FICM 2025 | La Grazia (2025)
Puntuación: ★★★★
Dirección: Paolo Sorrentino
Reparto: Toni Servillo, Anna Ferzetti, Orlando Cinque y Massimo Venturiello

Con La Grazia, Paolo Sorrentino regresa al corazón de su cine: la tensión entre el poder y la fragilidad humana, entre la pompa institucional y la introspección espiritual. Tras la exuberancia algo dispersa de Parthenope, el director italiano parece reencontrarse con su tono más sobrio y metafísico, recordando que detrás de su barroquismo habitual late siempre una preocupación moral. Aquí, el artificio se modera para dejar hablar al silencio, al tiempo detenido y al rostro cansado de su viejo cómplice Toni Servillo.

El filme se construye como una parábola política, pero también como un examen de conciencia nacional. Sorrentino revisita los espacios del poder —los corredores dorados del Palacio del Quirinal, los salones desiertos, las cenas ceremoniosas bajo lluvia— no como símbolos de grandeza, sino como mausoleos del pensamiento. En esta Roma melancólica, la política se convierte en un teatro de la duda: la cámara encuadra a Mariano De Santis como si fuera un fantasma contenido entre columnas, un hombre que se disuelve en la geometría del Estado. Es una imagen que recuerda a Antonioni, pero también al propio Sorrentino de Il Divo, solo que ahora la ironía se disfraza de compasión.

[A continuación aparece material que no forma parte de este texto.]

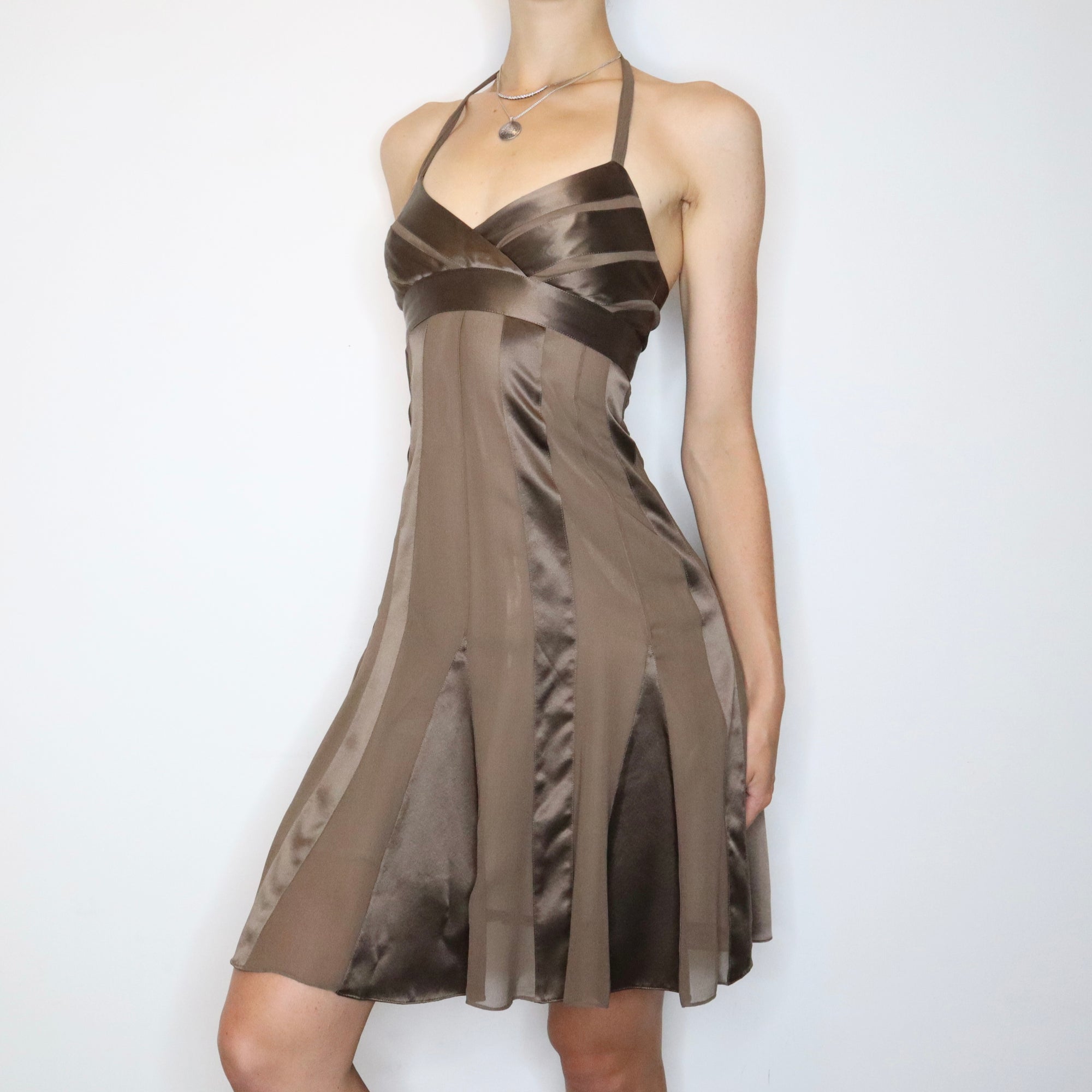 Y2K BCBG Brown Silk Halter Dress (XS) - Imber Vintage Y2K BCBG Brown Silk Halter Dress (XS) - Imber Vintage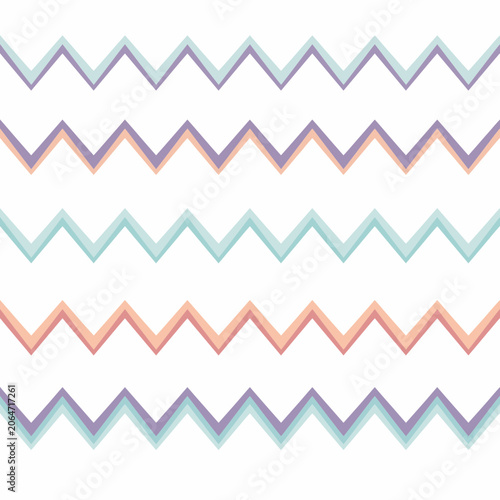 Pastel Zigzag Chevron Seamless Pattern with Soft Blue Purple and Peach Lines on White Background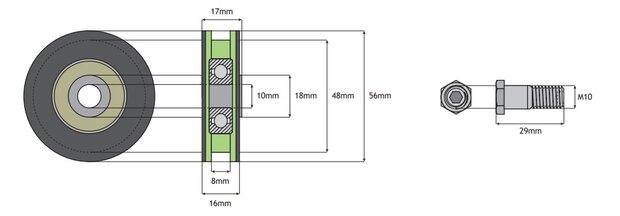 Deurrol, 56mm, vlakke rail, incl. montagebout, toepasbaar op Otis Pax/Prima cabine/schachtdeur 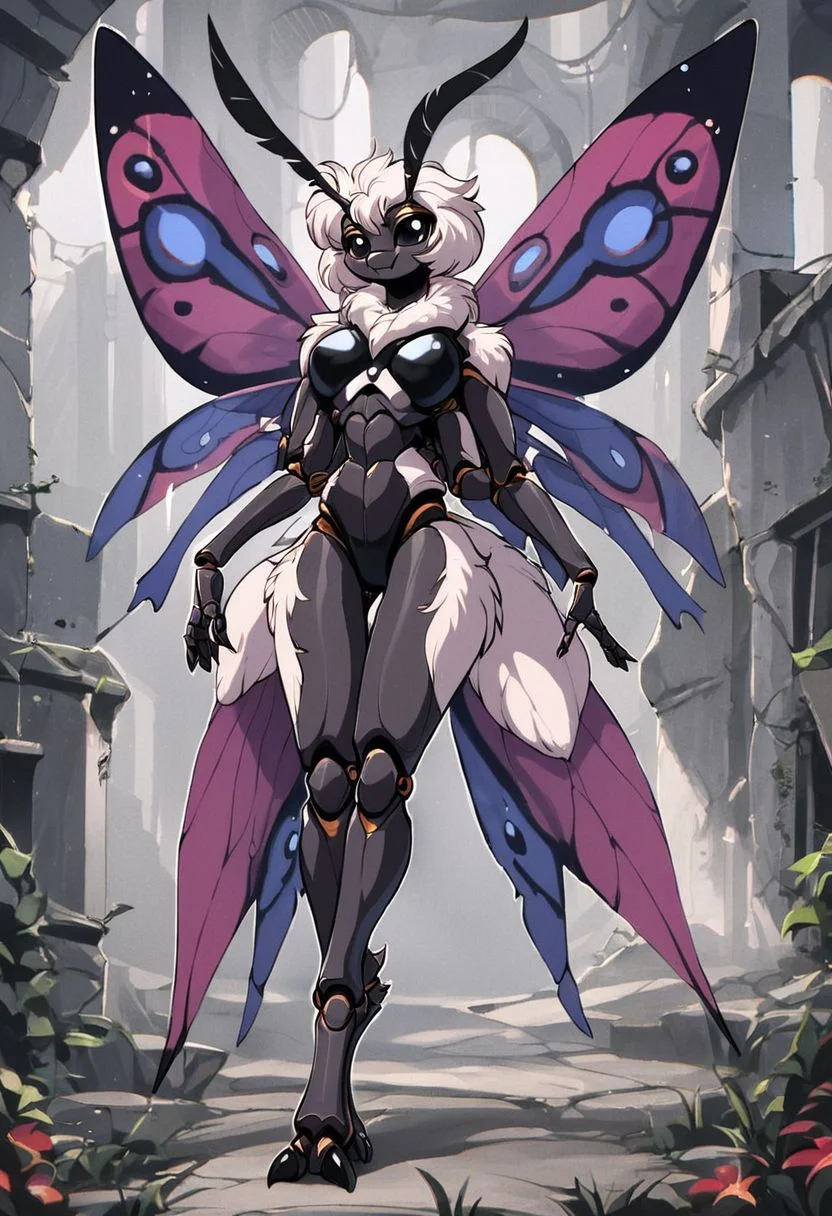 score_9, score_8_up, score_7_up, score_6_up, score_5_up, score_4_up,
source_anime, rating_explicit,
solo, female,
brown and white body, fur, grey fur, fluffy, furred body,
short hair, white hair,
anthro,
arthropod, insect, arthropod abdomen, black eyes, exoskeleton, joints
moth, lepidopteran, lepidopteran wings,
4 wings, multi wing, wings,
2 antennae, antennae anatomy,
2 toes, toes, feet, digitigrade,
4 arms, 5 fingers, fingers, multi arm,
smile, pose,
ruins,
detailed background, digital art, hi res, detailed, fantasy art,
Vintage, 1990s \(style\), 90s4n1m3, retro artstyle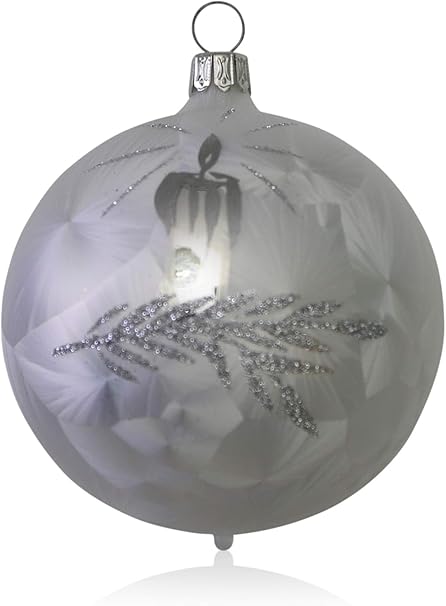 Bolas de Navidad de cristal (5 unidades, 6 cm, pintadas a mano), diseño de velas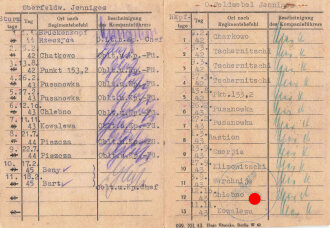 Wehrmacht-Führerschein von 1940 " Berechtigt zum Führen des Gleisketten LKW Maultier". Dazu mehrseitige Sturm- und Nahkampftageliste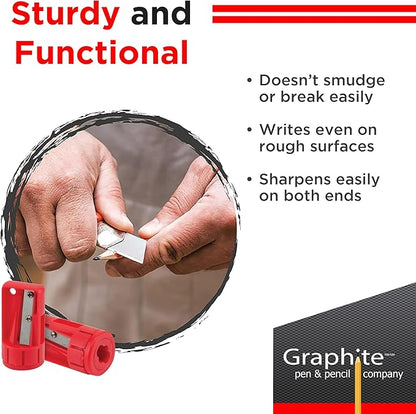 GRAPHITE Hard Lead Carpenter Pencil #2 Lumber Pencil Pack of 12 PCS - Image 5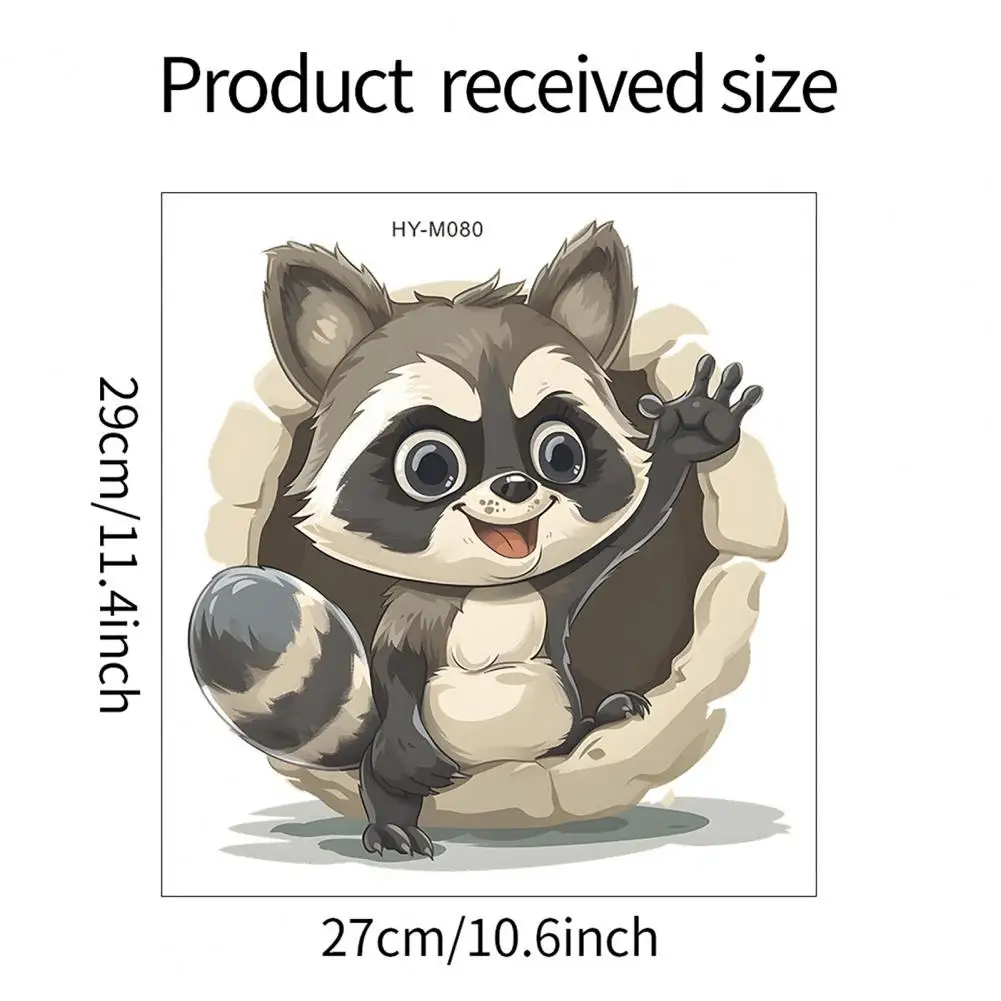 Наклейка на унитаз с изображением енота съемная самоклеящаяся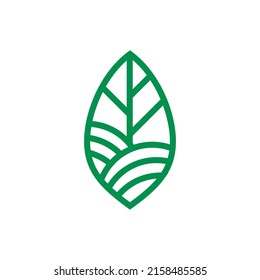 Minimal Leaf logo modern style design vector illustration.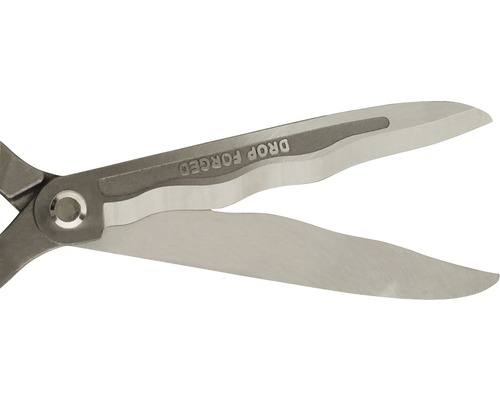 Kovové nožnice s nápisom Drop Forged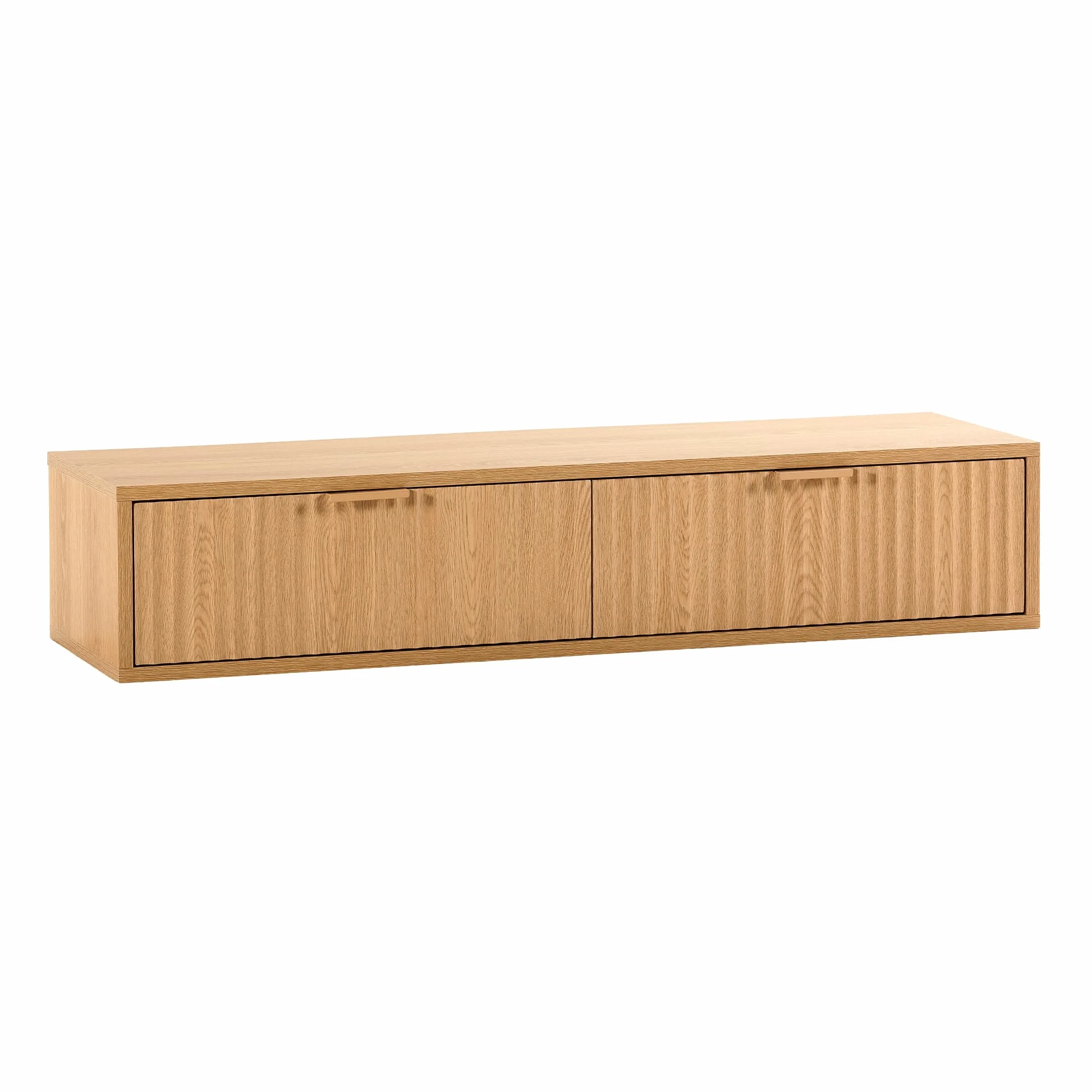 HOMN LIVING Consolle sospesa per ingresso Lluvia 2 cassetti colore Rovere, 100 cm (Larghezza) 30 cm (Profondità) 20 cm (Altezza)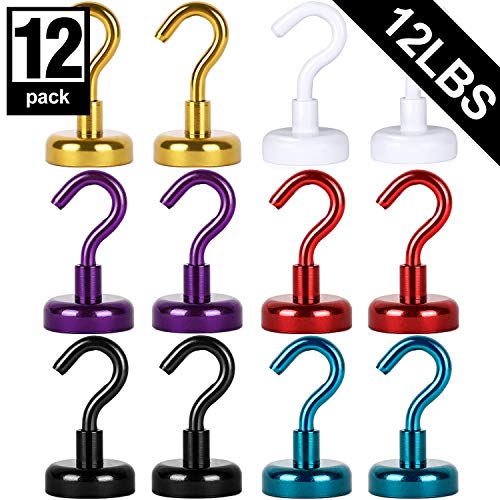 AmHoo Strong Magnetic Hooks Heavy Duty for Indoor Outdoor Kitchen Refrigerator Grill Tools Door Coat Hook Grill Utensils Metal Hanger (Mix Colors,12PCS, 12 LBS)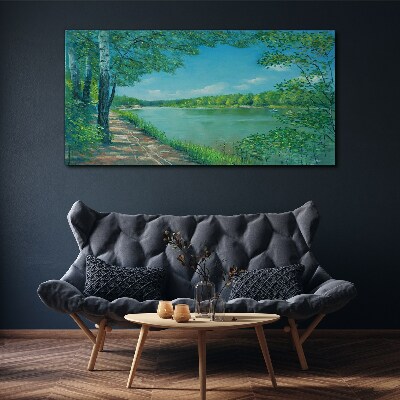 Foto auf leinwand Ein friedlicher Weg am Wasser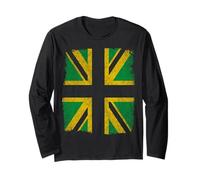 Jamaican flag colours on British Union Jack - Jamaica Roots Long Sleeve T-Shirt
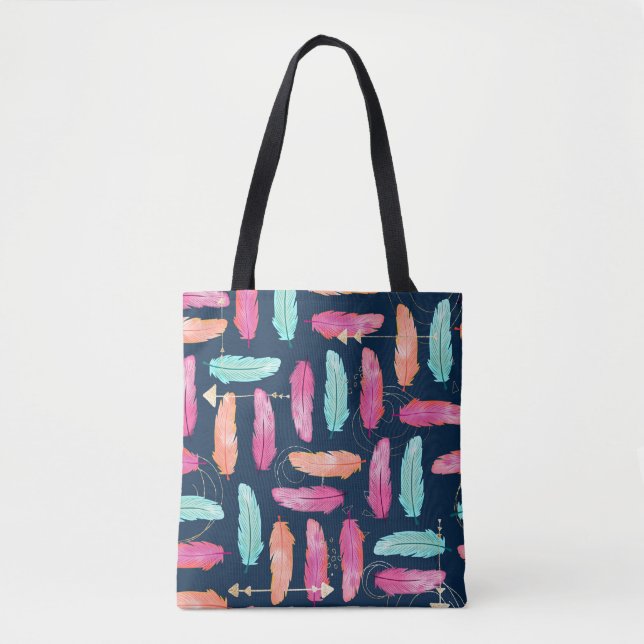 Watercolor feathers seamless boho pattern with fea tote bag (Front)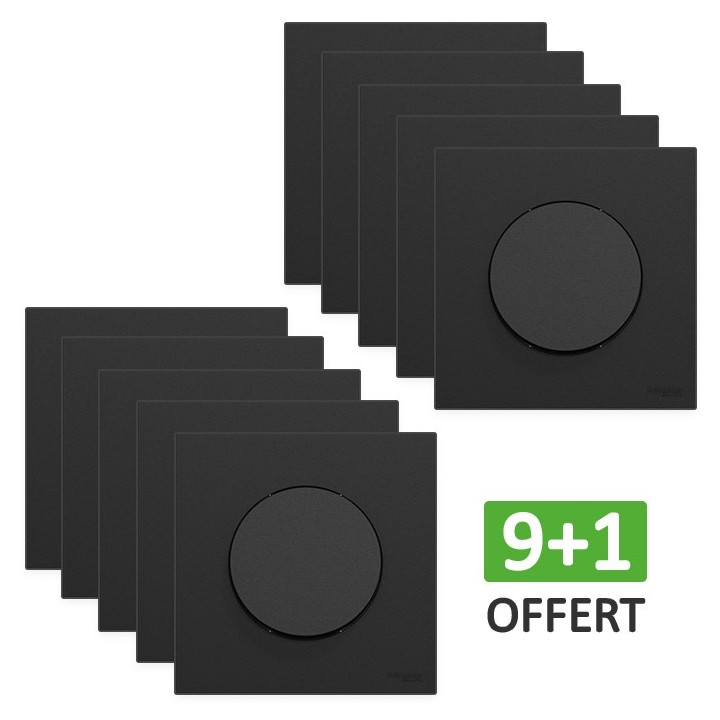 Schneider Odace - Lot de 10 Va-et-vient ou poussoir dont 1 OFFERT - Noir onyx - Complet - Réf : S940204(10)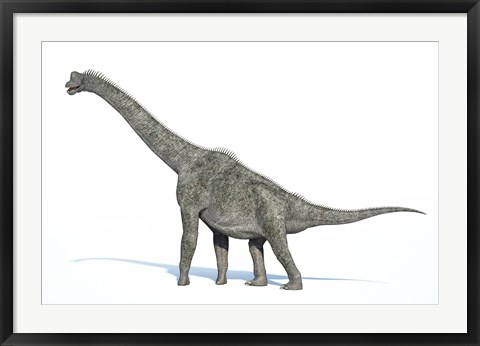 Framed 3D Rendering of a Brachiosaurus Dinosaur Print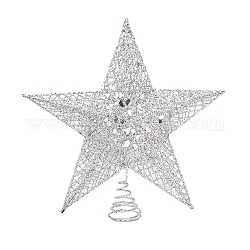 Topper albero di Natale in ferro, per la decorazione di Natale, stella, argento, 300x307x95mm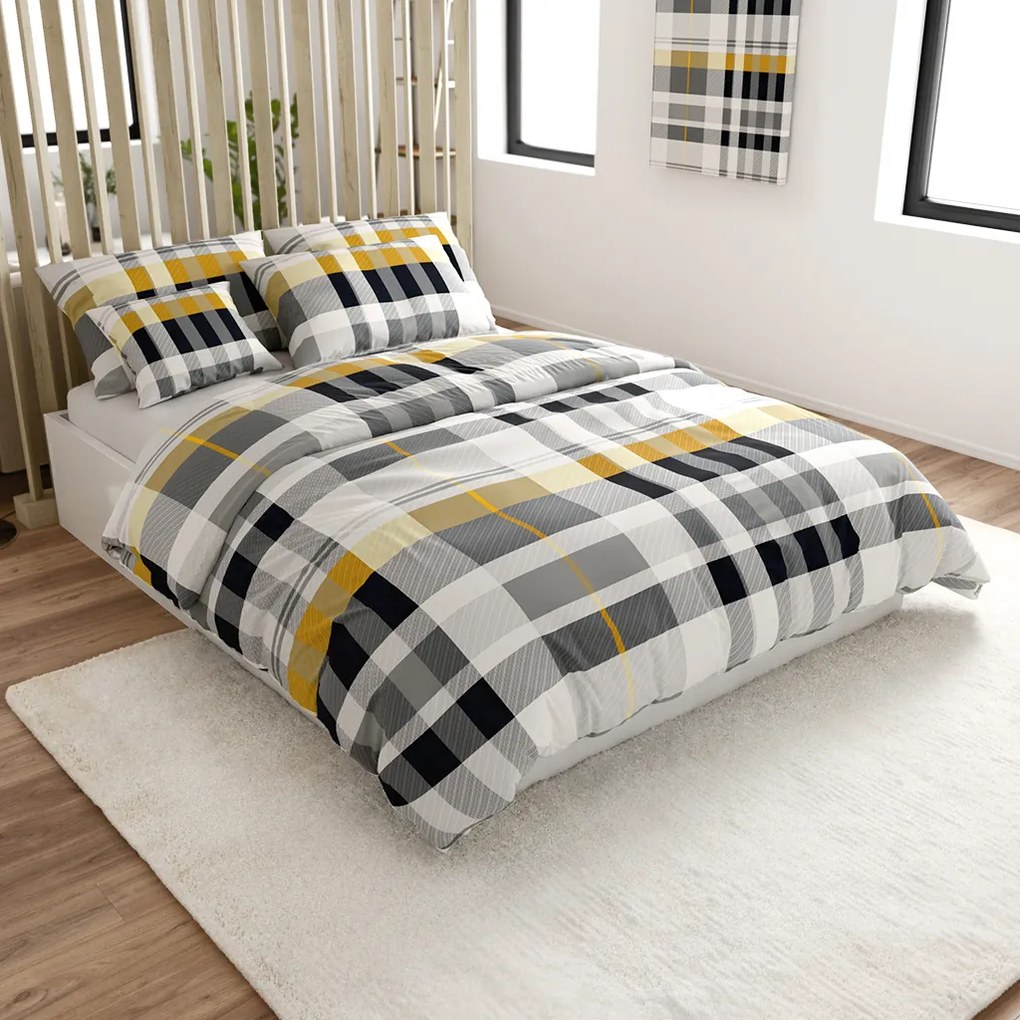 PrzytulneMieszkanie.pl PrzytulneMieszkanie.pl Pościel z mikrofibry GREY LINE szara Rozmiar pościeli: 70 x 90 cm | 140 x 200 cm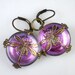 Dragonfly Earrings Violet Lavender Pink Vitrail Light Oxidized Brass Dragon Fly Jewelry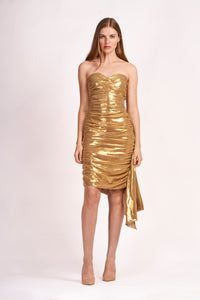 Gold Metallic Strapless Ruched Mini Dress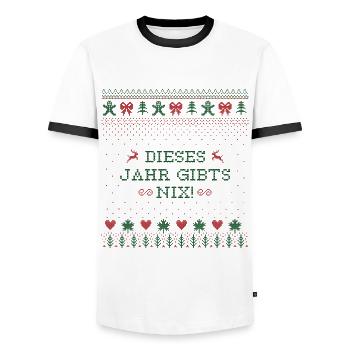 WEIHNACHTEN, DIESES JAHR GIBT'S NIX! - Männer Kontrast-T-Shirt - Weiß/Schwarz - Vorne - AI Model Female 172 light (172cm) & AI Model Male 178 dark (178cm)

El dilema moral —la aprobación de una ley de eutanasia— funciona como el eje ético y simbólico de la película. Sorrentino plantea la pregunta esencial de la política contemporánea: ¿es posible decidir por el bien común cuando la fe, el dolor y la soledad se entrecruzan? En esa encrucijada, el director contrapone la burocracia fría del sistema con la humanidad imperfecta de su protagonista. Los encuadres simétricos, las luces mortecinas y los reflejos en los ventanales del palacio refuerzan esta dualidad entre el poder como escenario y la duda como conciencia.

Toni Servillo ofrece una de sus interpretaciones más contenidas y dolientes, casi un estudio sobre la erosión del alma en la vejez. Su Mariano De Santis no es el monstruo de Il Divo ni el hedonista de La gran belleza, sino un hombre petrificado por la moral, atrapado en el mármol del poder y en los recuerdos de una vida que ya no le pertenece. Sorrentino lo filma con una reverencia distante, consciente de que su actor fetiche encarna también la memoria de su propio cine: un rostro capaz de contener la historia y la melancolía de toda una nación.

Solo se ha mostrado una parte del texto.